=== Section Start ===

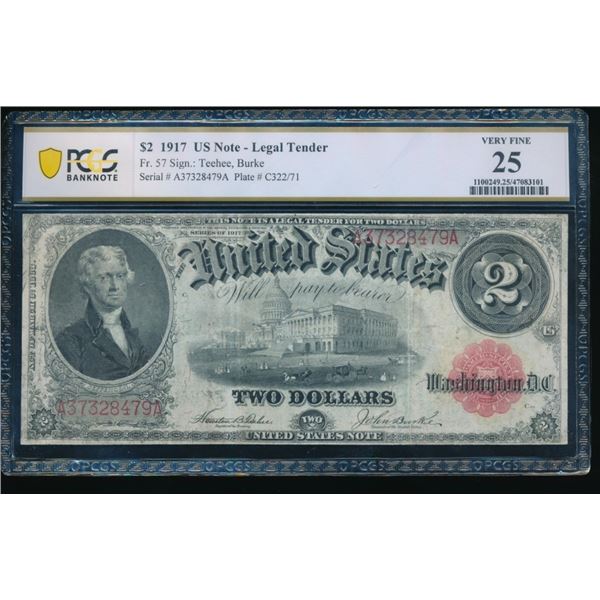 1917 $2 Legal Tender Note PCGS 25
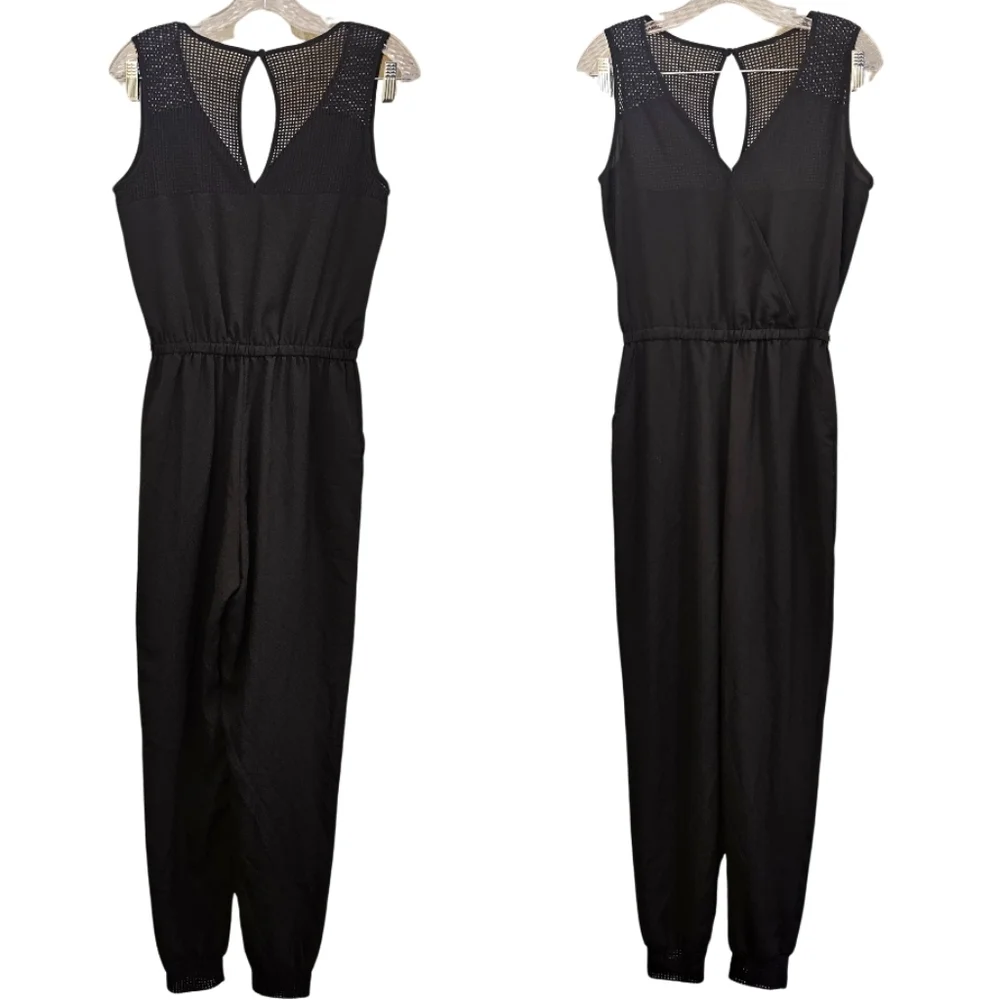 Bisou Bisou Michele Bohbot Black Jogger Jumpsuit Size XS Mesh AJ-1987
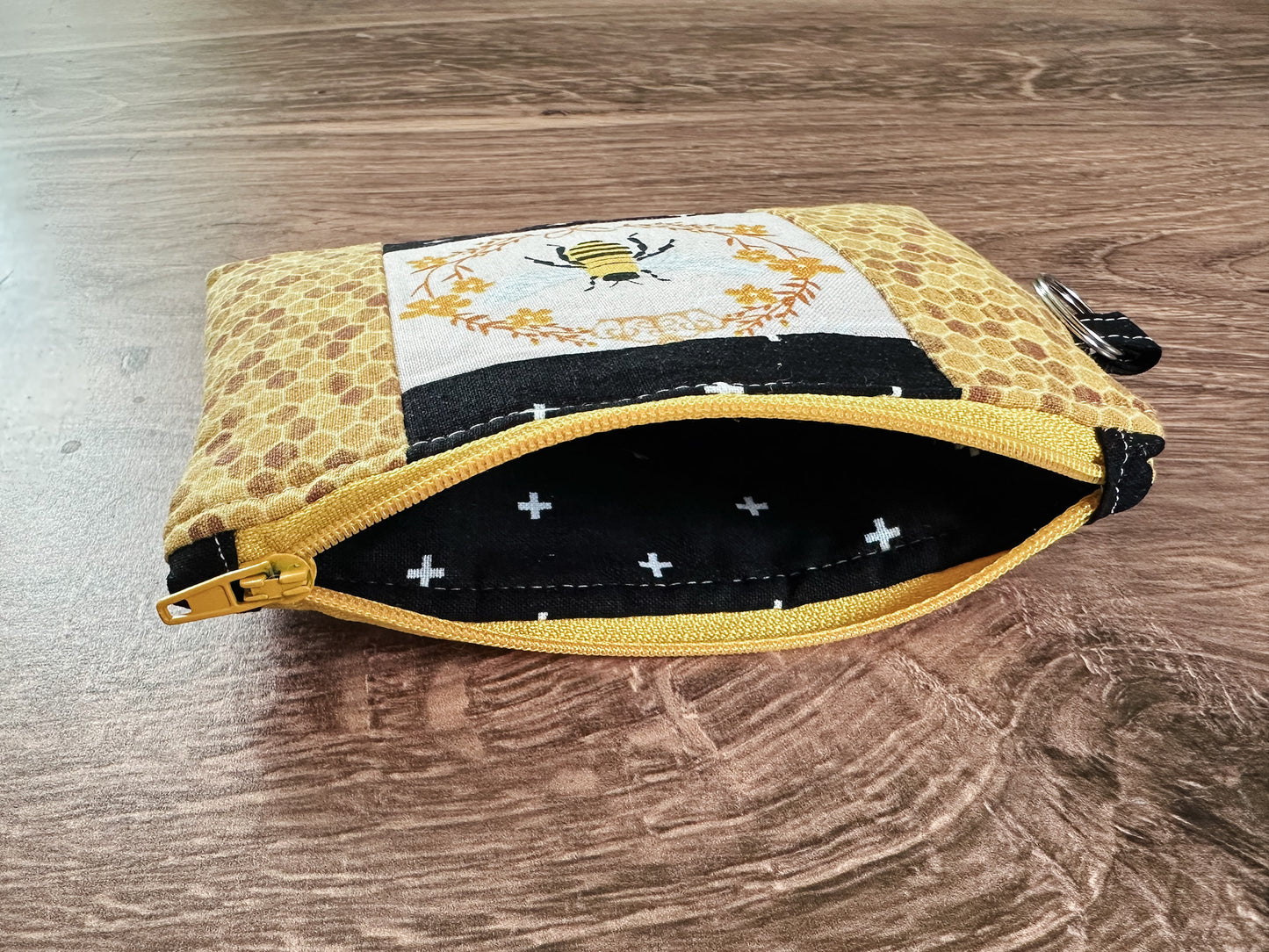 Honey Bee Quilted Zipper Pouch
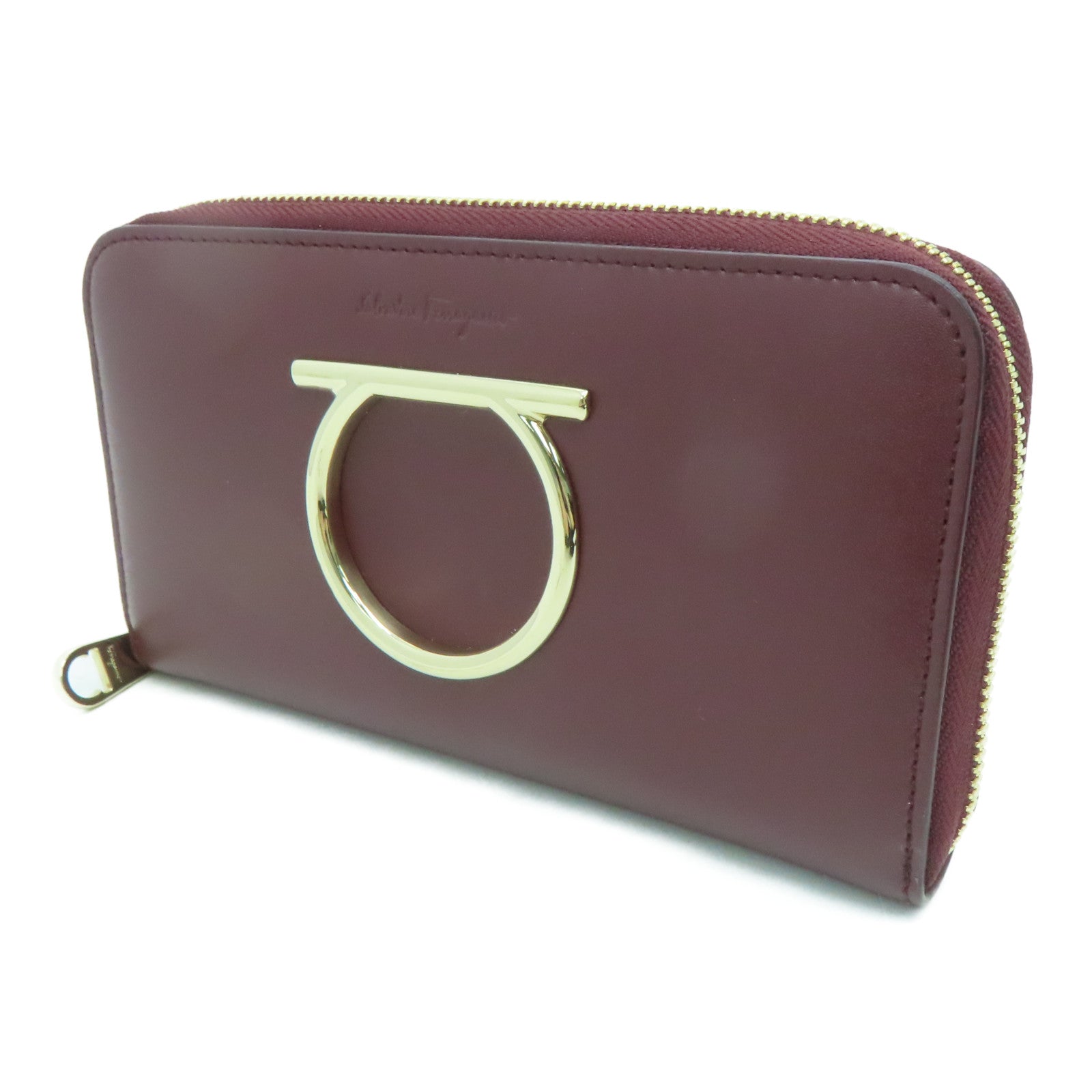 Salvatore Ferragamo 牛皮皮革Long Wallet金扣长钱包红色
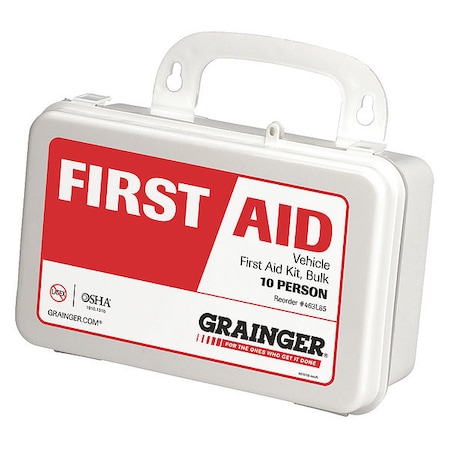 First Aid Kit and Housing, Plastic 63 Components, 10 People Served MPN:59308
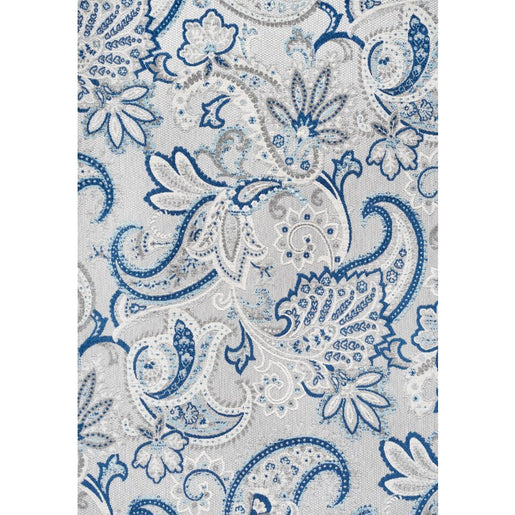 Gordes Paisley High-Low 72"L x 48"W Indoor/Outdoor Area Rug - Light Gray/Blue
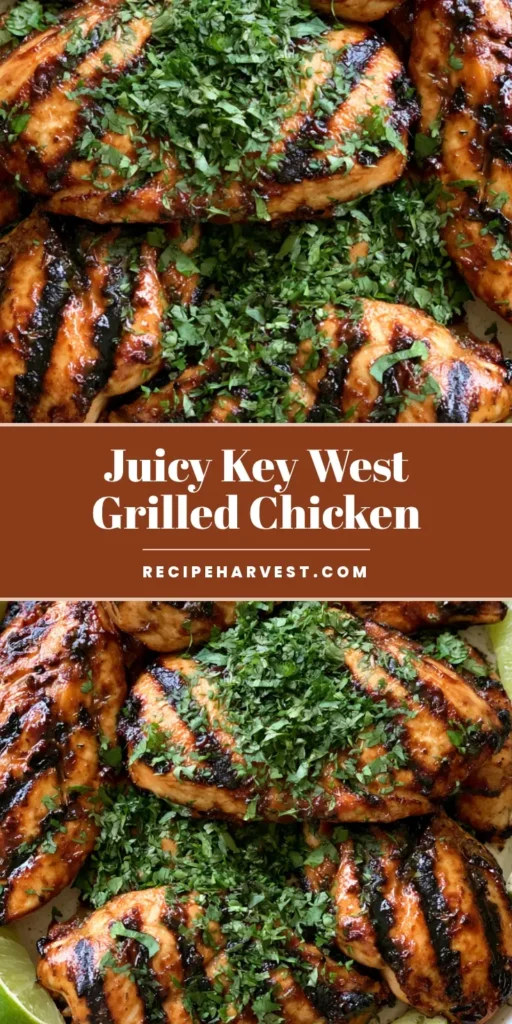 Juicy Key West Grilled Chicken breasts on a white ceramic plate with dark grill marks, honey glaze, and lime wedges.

=== Section End ===

## EXERCISE DESCRIPTION
Could you write all the entries out again exactly, but without their pictures?

## TASK OUTPUT
 1917 $2 Legal Tender Note PCGS 25
 Bisou Bisou Michele Bohbot Black Jogger Jumpsuit Size XS Mesh AJ-1987
 Honey Bee Quilted Zipper Pouch
 Salvatore Ferragamo 牛皮皮革Long Wallet金扣长钱包红色
 First Aid Kit and Housing, Plastic 63 Components, 10 People Served MPN:59308
 Gordes Paisley High-Low 72"L x 48"W Indoor/Outdoor Area Rug - Light Gray/Blue
 Juicy Key West Grilled Chicken breasts on a white ceramic plate with dark grill marks, honey glaze, and lime wedges.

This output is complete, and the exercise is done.